▶ [Task material]
========
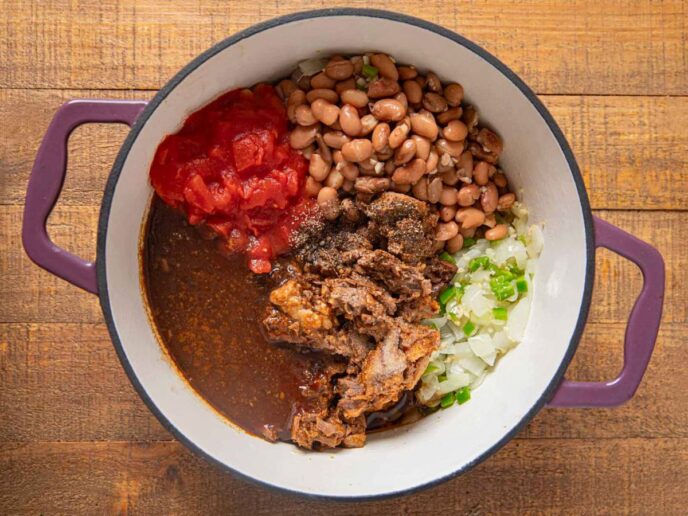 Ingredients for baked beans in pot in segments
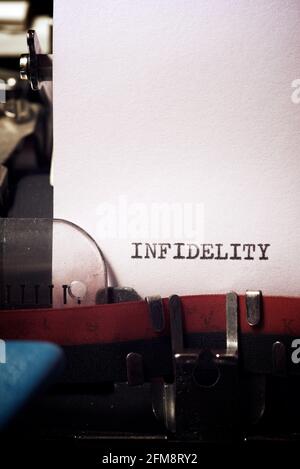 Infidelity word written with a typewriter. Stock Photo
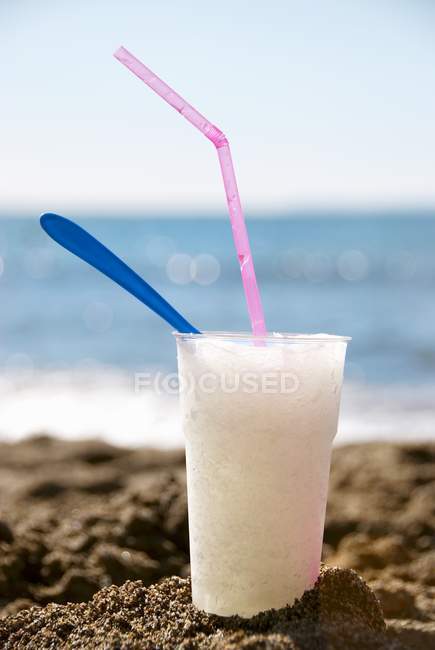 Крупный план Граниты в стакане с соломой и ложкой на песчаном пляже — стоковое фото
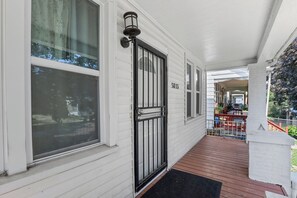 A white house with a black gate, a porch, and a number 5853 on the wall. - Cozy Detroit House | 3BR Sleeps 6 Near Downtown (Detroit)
========
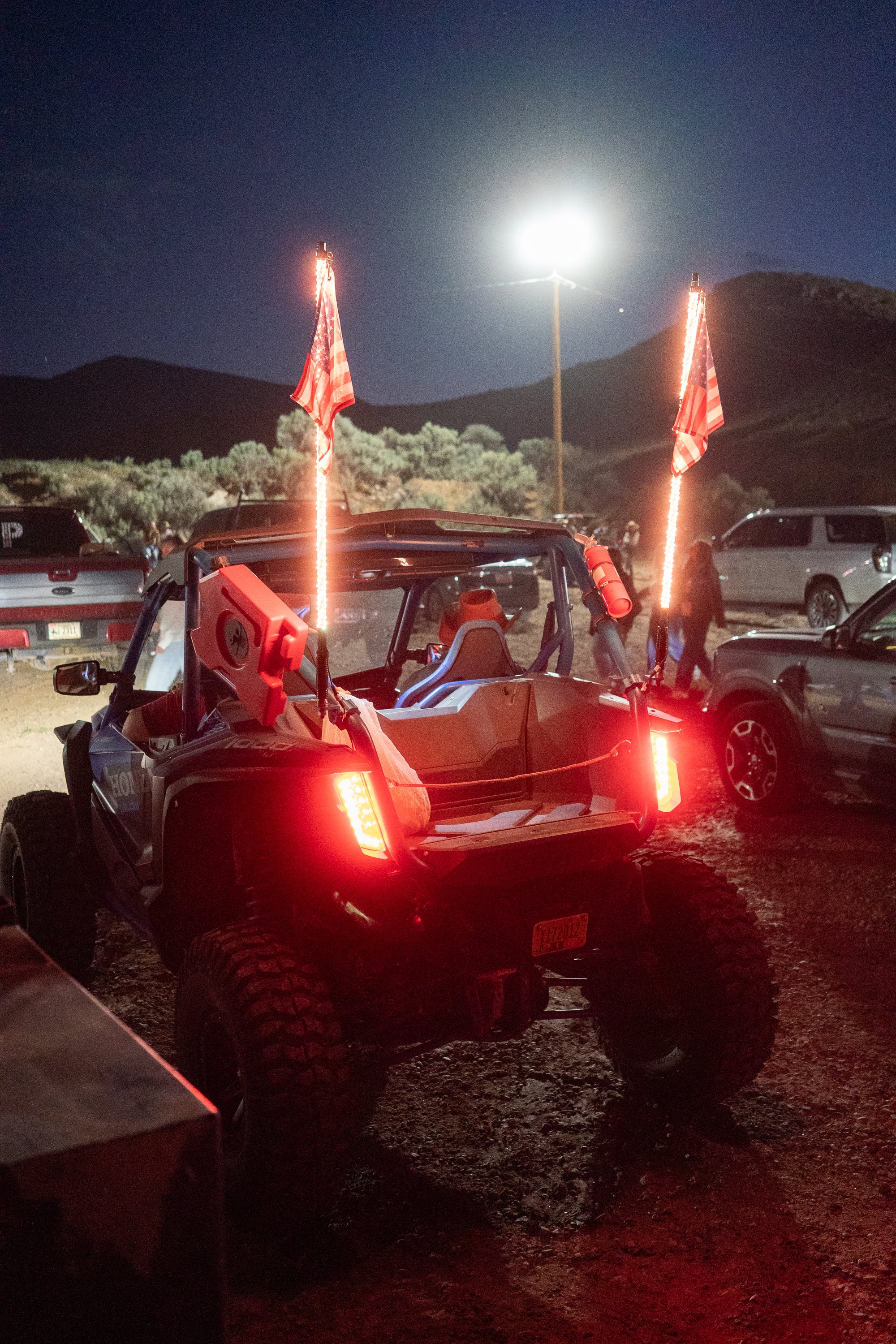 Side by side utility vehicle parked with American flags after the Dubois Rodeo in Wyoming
========
▶ [Task brief] Going back to the data above, write out everything from the line with "Ingredients for baked" down to the line with "A white house", both included, leaving every picture out.

▶ [Task result]
 Ingredients for baked beans in pot in segments
 Infidelity word written with a typewriter. Stock Photo
 Крупный план Граниты в стакане с соломой и ложкой на песчаном пляже — стоковое фото
 A white house with a black gate, a porch, and a number 5853 on the wall. - Cozy Detroit House | 3BR Sleeps 6 Near Downtown (Detroit)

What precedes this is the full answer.